**SUPPLIED INFORMATION**
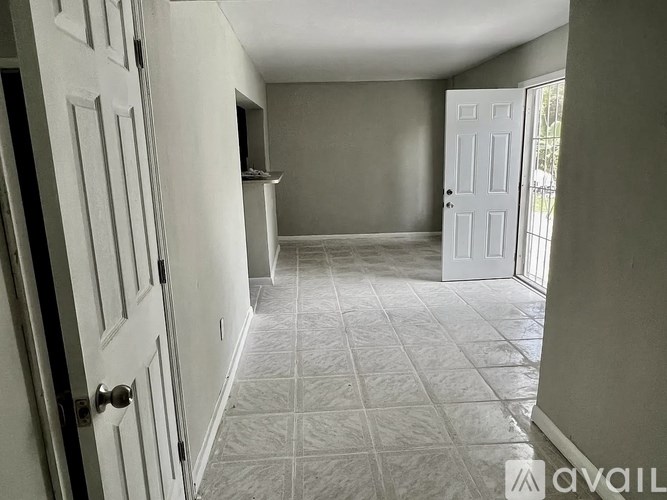 A hallway with a tiled floor and white doors.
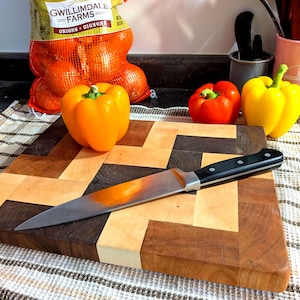 May include: A rectangular wooden chopping board featuring a geometric herringbone pattern made of alternating light and dark wood blocks. A stainless steel chef knife with a black handle rests diagonally across the surface of the board.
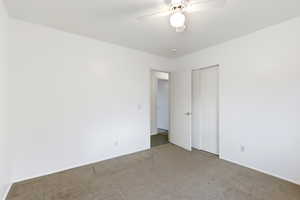 Unfurnished bedroom with carpet, ceiling fan, and a closet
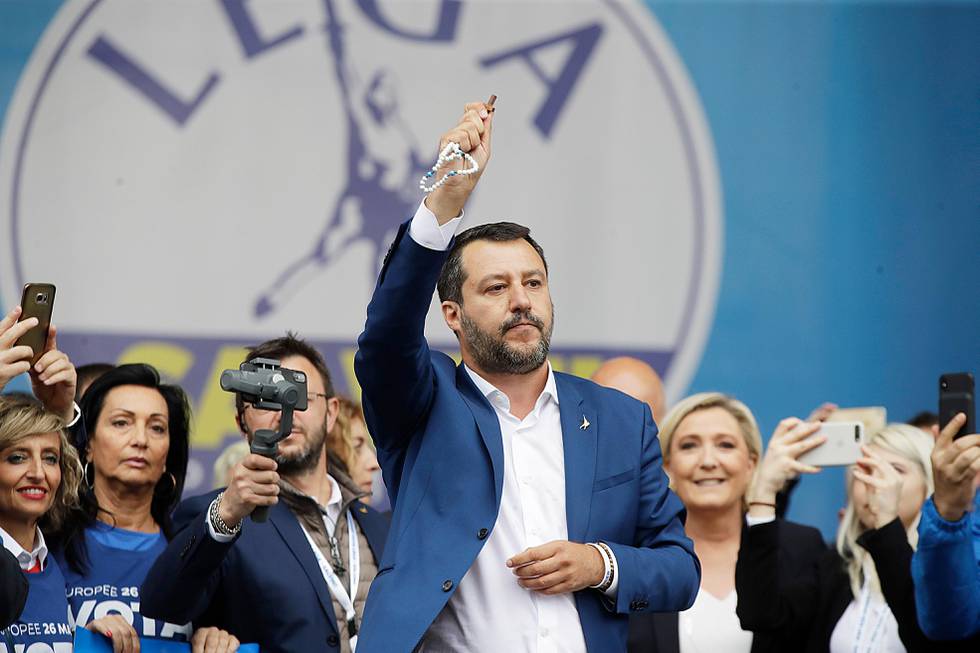 FILE - In this file photo taken on May 18, 2019, Matteo Salvini holds a rosary as he gives his speech during a rally organized with leaders of other European nationalist parties, ahead of the May 23-26 European Parliamentary elections, in Milan, Italy. For months now, Salvini _ a divorced father of two children by two different women _ has been kissing rosaries, invoking the Madonna and quoting St. John Paul II at political rallies in a bid to rally Italian Catholics behind his nationalist message. (AP Photo/Luca Bruno)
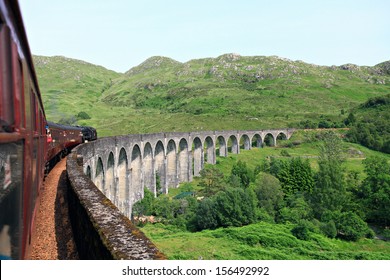 The Jacobite Train Crossing The Glenfinnan Viaduct.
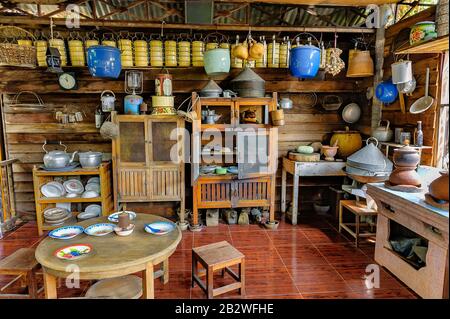 Thailändisches Kücheninnere auf dem Land, das verschiedene Arten von Utensilien und Geräten zeigt und wie sie angeordnet und gelagert werden. Stockfoto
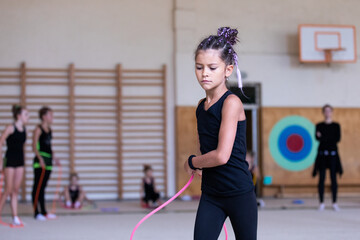 Girl gymnast jumping with rope on training in gym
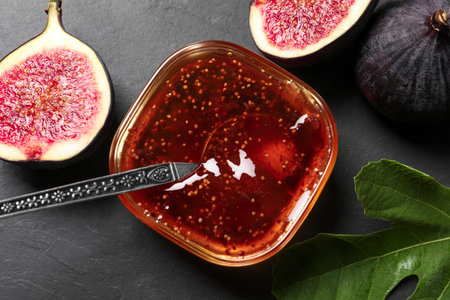 Glass bowl with tasty sweet jam, spoon, fresh figs and green leaf on gray table, flat layの写真素材
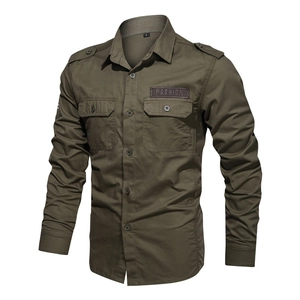 Detail of army green tactical work shirt with chest pockets and shoulder epaulets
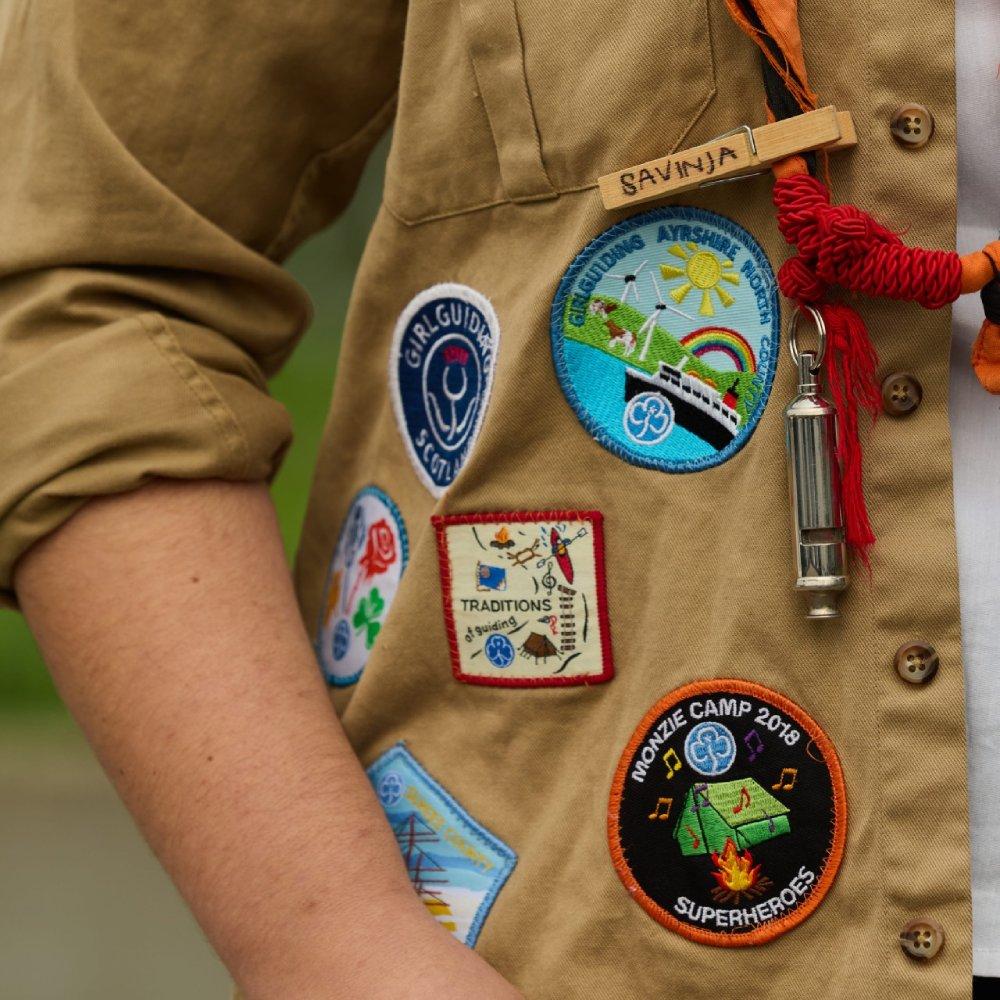 Fiona D’Elia trägt ein Scout-Shirt mit verschiedenen Pfadfinderabzeichen und einem orange-schwarzen Halstuch.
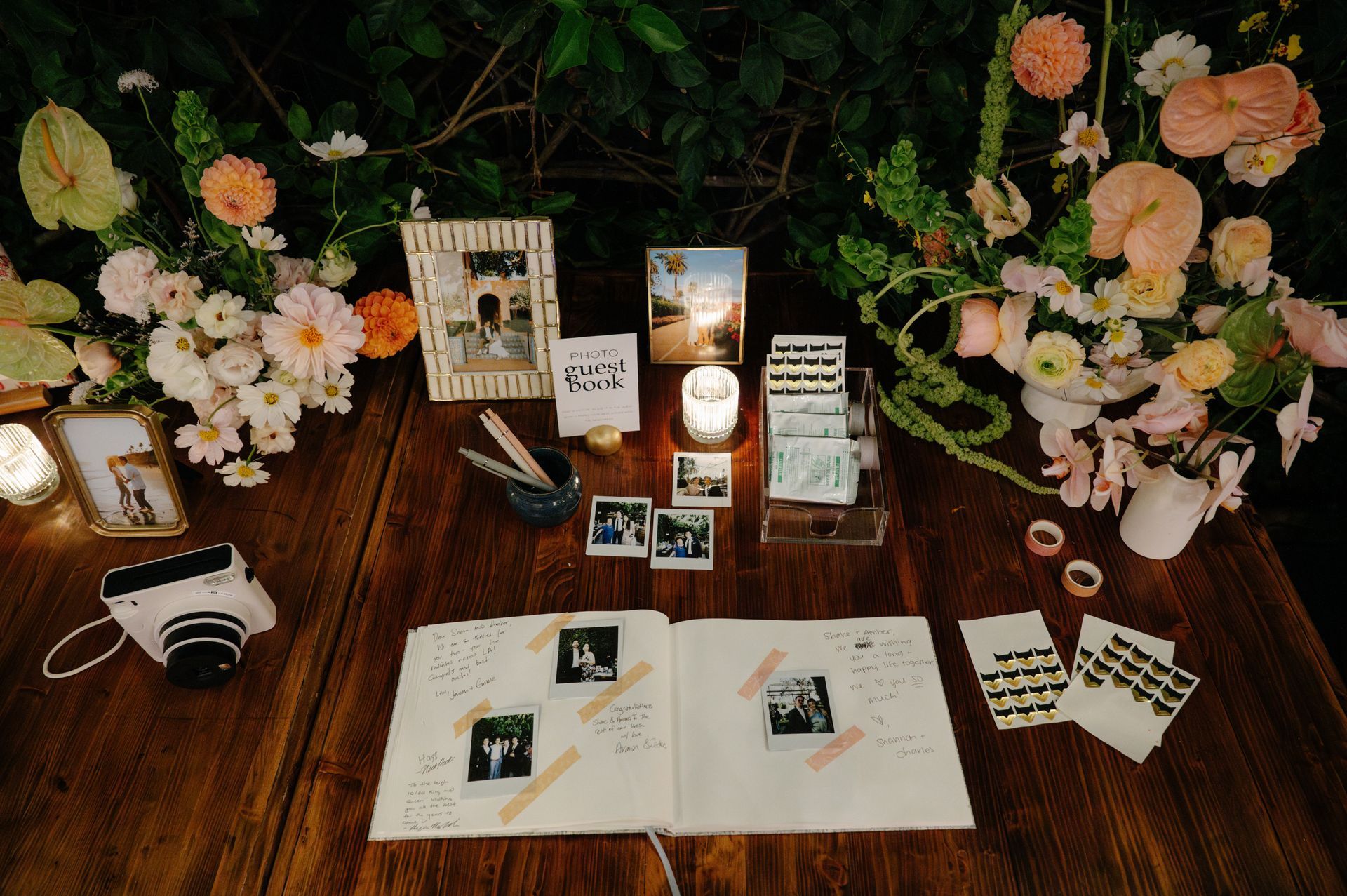 Decorated wooden table with floral arrangements, cards, photos, and a camera in a cozy display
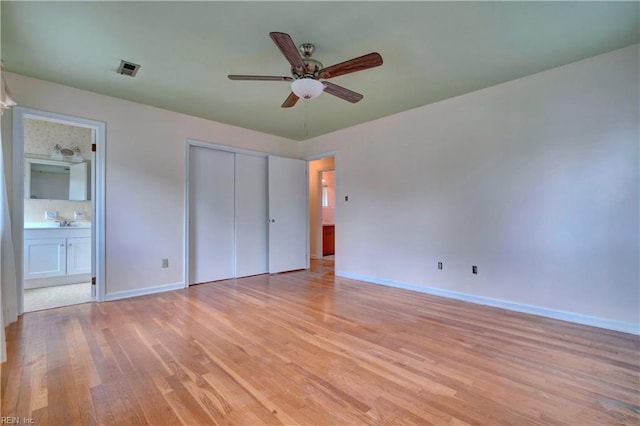 unfurnished bedroom with connected bathroom, light wood-style flooring, a closet, visible vents, and baseboards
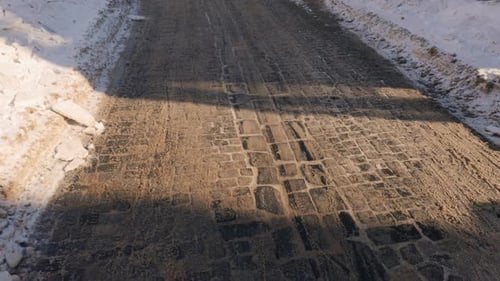 Walking on the Cobblestone Paving Covered with Dirty Snow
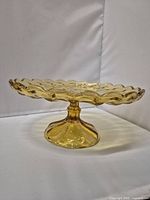 Side view showing the amber pedestal dish with scalloped edge and smooth glasswork.
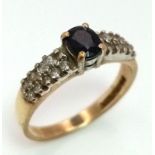 A 9K Yellow Gold Sapphire and Diamond Ring. Central oval sapphire with diamond wings. Size J. 1.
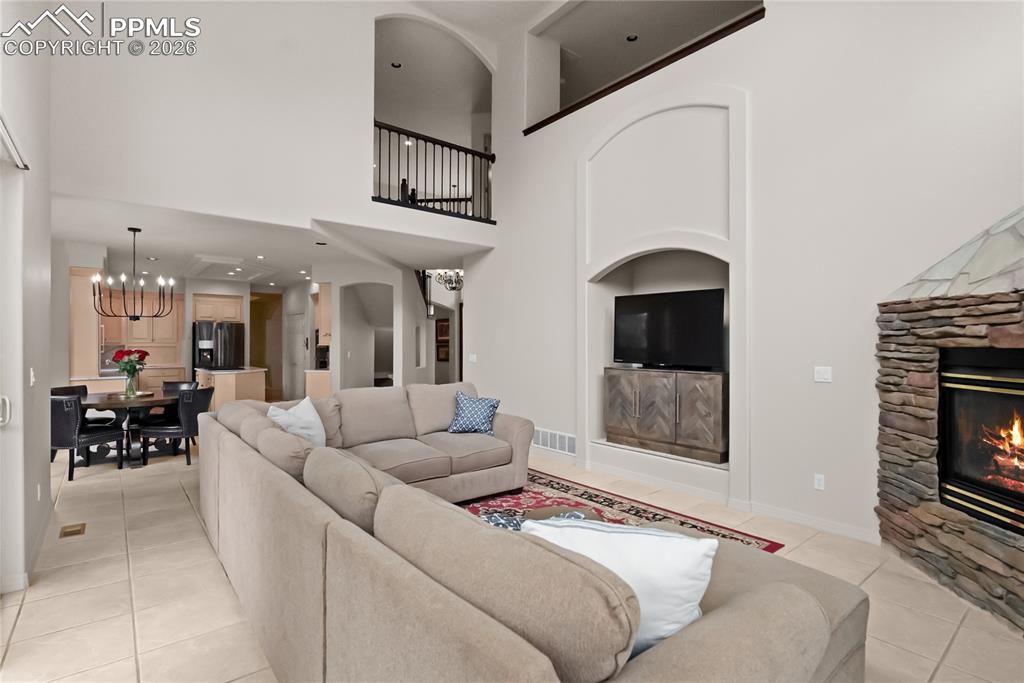 Living room with vaulted ceilings and a fireplace.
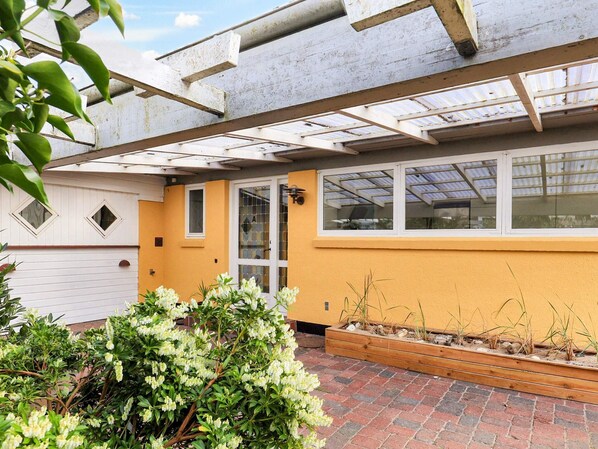 A residential property with a covered patio, a yellow exterior wall, a white garage door, and a window with a view of the sky.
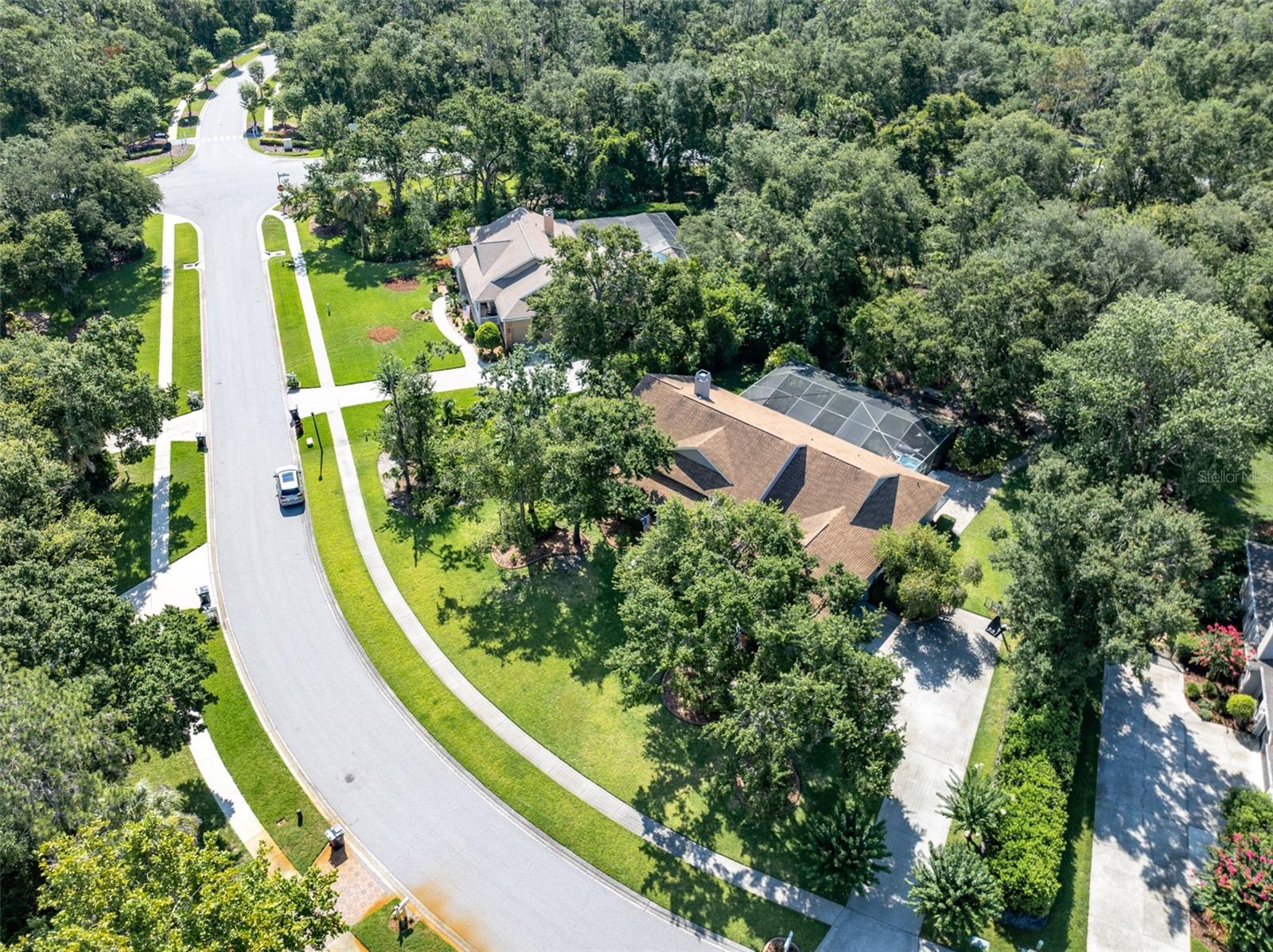 Aerial of Home on Private, Wooded Almost 3/4 Acre Conservation Lot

**TASK TO CARRY OUT**
Output only the lines from the line that contains "Fiona D’Elia trägt" through the end of the material, both ends included, and skip every picture.

**ANSWER FOR THIS EXERCISE**
 Fiona D’Elia trägt ein Scout-Shirt mit verschiedenen Pfadfinderabzeichen und einem orange-schwarzen Halstuch.
 Decorated wooden table with floral arrangements, cards, photos, and a camera in a cozy display
 unfurnished bedroom with connected bathroom, light wood-style flooring, a closet, visible vents, and baseboards
 Walking on the Cobblestone Paving Covered with Dirty Snow
 Side view showing the amber pedestal dish with scalloped edge and smooth glasswork.
 A 9K Yellow Gold Sapphire and Diamond Ring. Central oval sapphire with diamond wings. Size J. 1.
 Living room with vaulted ceilings and a fireplace.
 A residential property with a covered patio, a yellow exterior wall, a white garage door, and a window with a view of the sky.
 Aerial of Home on Private, Wooded Almost 3/4 Acre Conservation Lot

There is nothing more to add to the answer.